** Opening Information provided block **

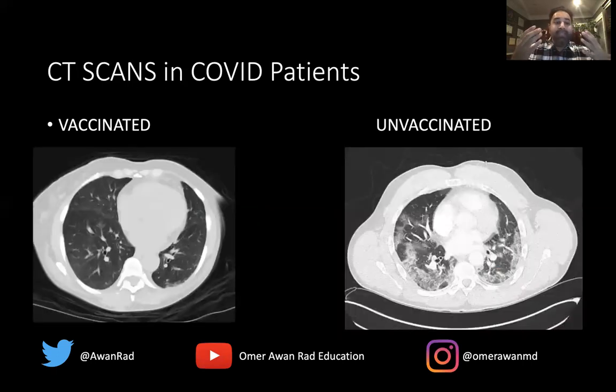Looking at the CT scans of these same patients: this is the vaccinated patient's CT and this is the unvaccinated patient's CT — we can see dramatic differences. In the vaccinated patient, orienting ourselves with the heart, right lung, and left lung: overall the lung looks pretty good and well aerated, but there are subtle hazy ground glass areas along the periphery. Ground glass opacity partially obscures the underlying vessels and airway but does not completely obscure them. There are also some linear areas at the left lung base likely reflecting partial atelectasis, but there is good expansion and aeration overall.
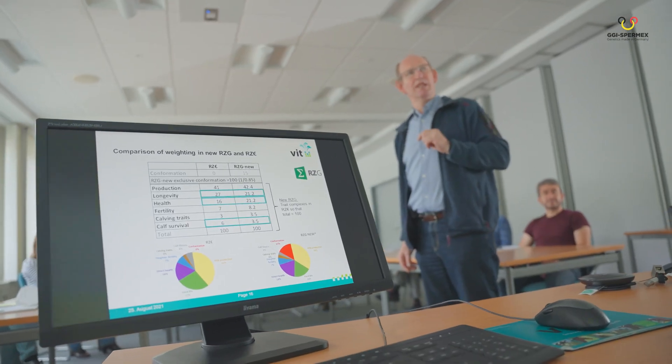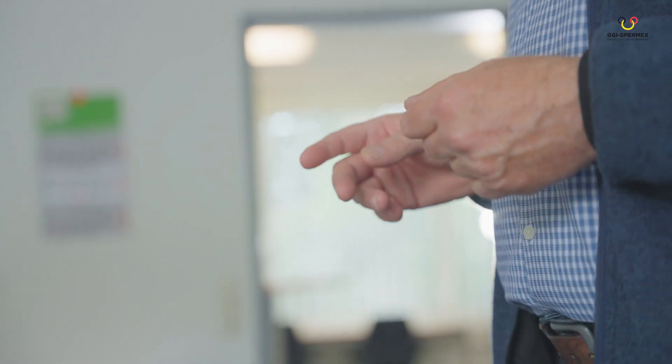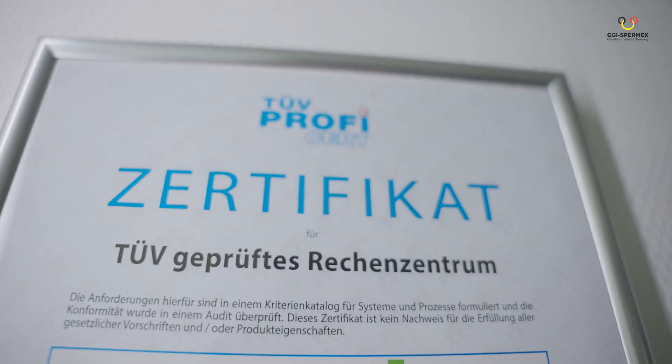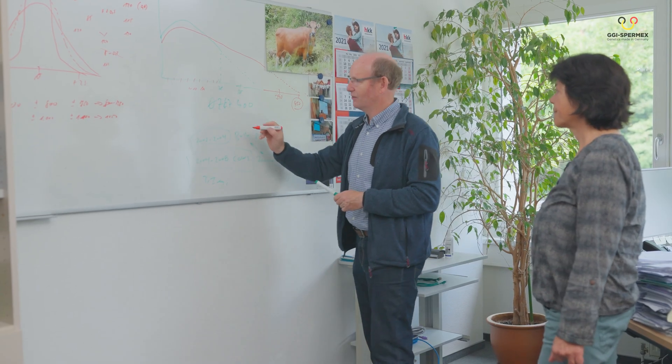At the VIT breeding value processing center, we evaluate breeding values for dairy breeds three times a year for the big breeding value estimation based on all production data. Moreover, new genomic breeding values are published weekly — 52 breeding value estimations per year. We do this independently of any commercial interests, approved by the animal breeding law and state authorities, ISO certified regarding breeding value estimation, and ICAR approved on an international basis.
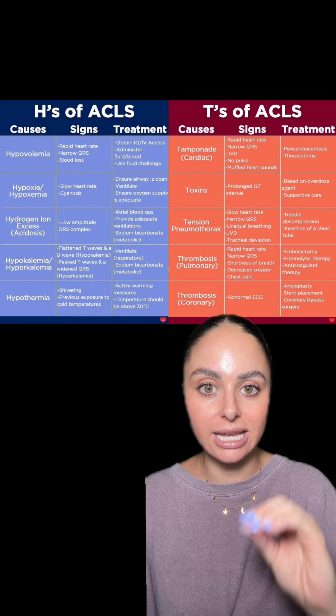Now over to the T's. First, tamponade — cardiac tamponade is where the pericardial sac fills up with fluid or blood, preventing the heart from adequately pumping. Toxins — this includes overdose patients or those who consumed toxins; treatment depends on what the toxin is. Pneumothorax can also cause cardiac arrest, again due to hypoxia. And thrombosis, which can be pulmonary or coronary — think PEs and MIs. These are the main causes of cardiac arrest.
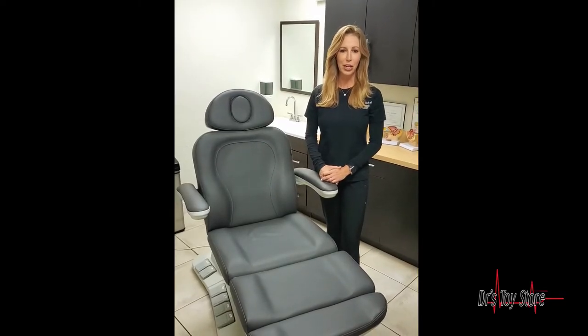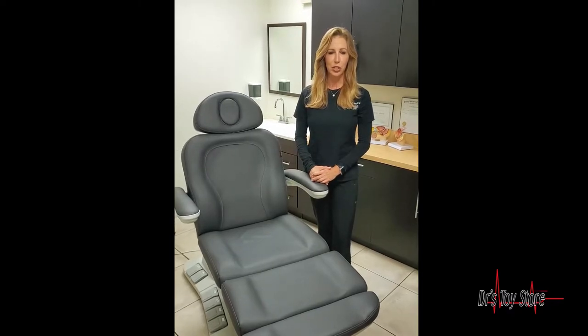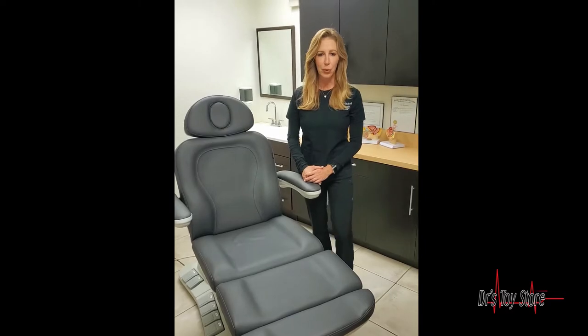At Timeless Age Medical, patient outcome is one of our primary concerns. Having our patients feel as comfortable as possible is an integral part of the process. That's why we purchased this patient chair from Doctors' Toy Store right here in Hallandale, Florida.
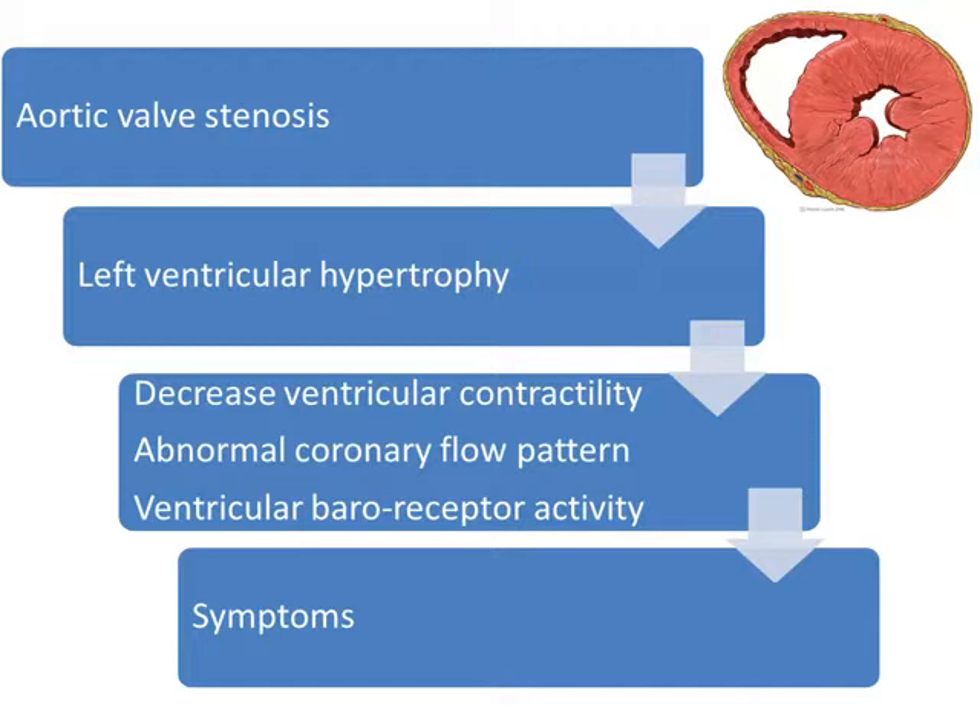Left ventricular hypertrophy also has an effect on ventricular viral receptor activity. All these three phenomena are responsible for the typical symptoms of aortic stenosis and the final fate of aortic stenosis.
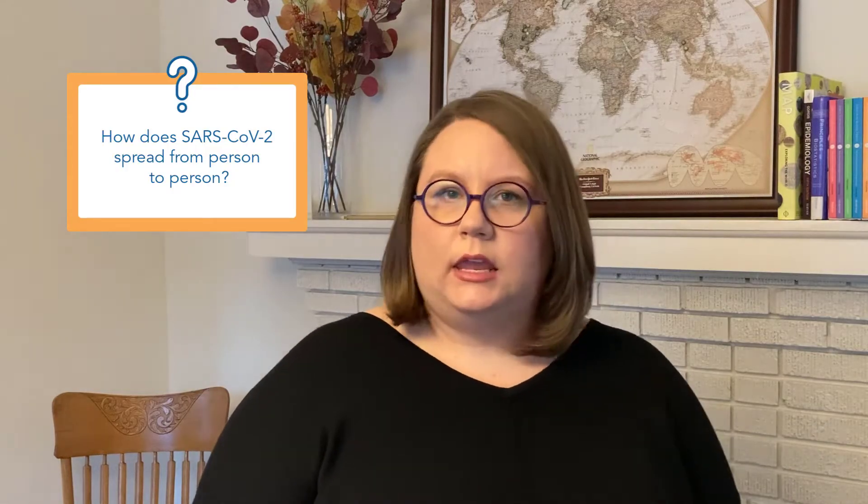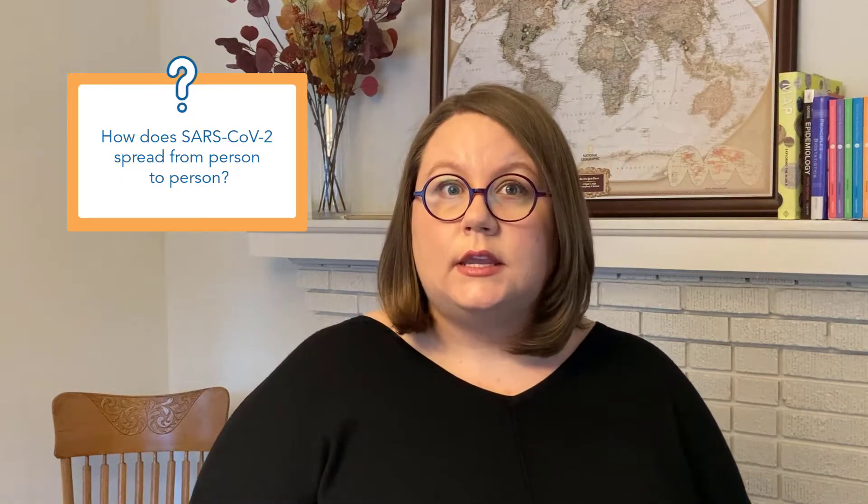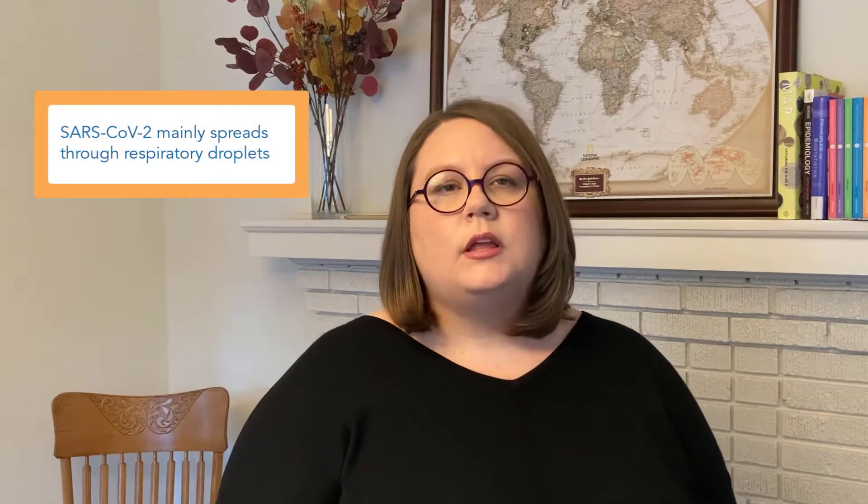We know that we want to keep from getting infected with the virus SARS-CoV-2 so that we don't get sick with the disease COVID-19. But how does the virus get from one person to another? The answer is actually different for every virus, but for SARS-CoV-2 the main way that the virus seems to travel between people is through something called respiratory droplets.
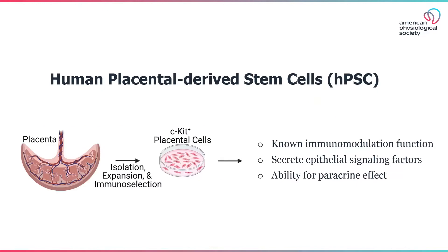Perinatal stem cells present a unique therapeutic approach. Specifically, placental stem cells have known immunomodulatory functions, express factors that can directly target damaged epithelium, and have the ability for potent paracrine signaling. In this paper, we hypothesized that a placental-derived stem cell therapy could ameliorate established necrotizing enterocolitis damage in the intestine.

** Closing Information provided block **

▸ **Your instructions**
When a picture appears among the entries, skip it; transcribe everything else exactly.

▸ **Answer**
Looking at the CT scans of these same patients: this is the vaccinated patient's CT and this is the unvaccinated patient's CT — we can see dramatic differences. In the vaccinated patient, orienting ourselves with the heart, right lung, and left lung: overall the lung looks pretty good and well aerated, but there are subtle hazy ground glass areas along the periphery. Ground glass opacity partially obscures the underlying vessels and airway but does not completely obscure them. There are also some linear areas at the left lung base likely reflecting partial atelectasis, but there is good expansion and aeration overall.
At the VIT breeding value processing center, we evaluate breeding values for dairy breeds three times a year for the big breeding value estimation based on all production data. Moreover, new genomic breeding values are published weekly — 52 breeding value estimations per year. We do this independently of any commercial interests, approved by the animal breeding law and state authorities, ISO certified regarding breeding value estimation, and ICAR approved on an international basis.
Now over to the T's. First, tamponade — cardiac tamponade is where the pericardial sac fills up with fluid or blood, preventing the heart from adequately pumping. Toxins — this includes overdose patients or those who consumed toxins; treatment depends on what the toxin is. Pneumothorax can also cause cardiac arrest, again due to hypoxia. And thrombosis, which can be pulmonary or coronary — think PEs and MIs. These are the main causes of cardiac arrest.
At Timeless Age Medical, patient outcome is one of our primary concerns. Having our patients feel as comfortable as possible is an integral part of the process. That's why we purchased this patient chair from Doctors' Toy Store right here in Hallandale, Florida.
Left ventricular hypertrophy also has an effect on ventricular viral receptor activity. All these three phenomena are responsible for the typical symptoms of aortic stenosis and the final fate of aortic stenosis.
We know that we want to keep from getting infected with the virus SARS-CoV-2 so that we don't get sick with the disease COVID-19. But how does the virus get from one person to another? The answer is actually different for every virus, but for SARS-CoV-2 the main way that the virus seems to travel between people is through something called respiratory droplets.
Perinatal stem cells present a unique therapeutic approach. Specifically, placental stem cells have known immunomodulatory functions, express factors that can directly target damaged epithelium, and have the ability for potent paracrine signaling. In this paper, we hypothesized that a placental-derived stem cell therapy could ameliorate established necrotizing enterocolitis damage in the intestine.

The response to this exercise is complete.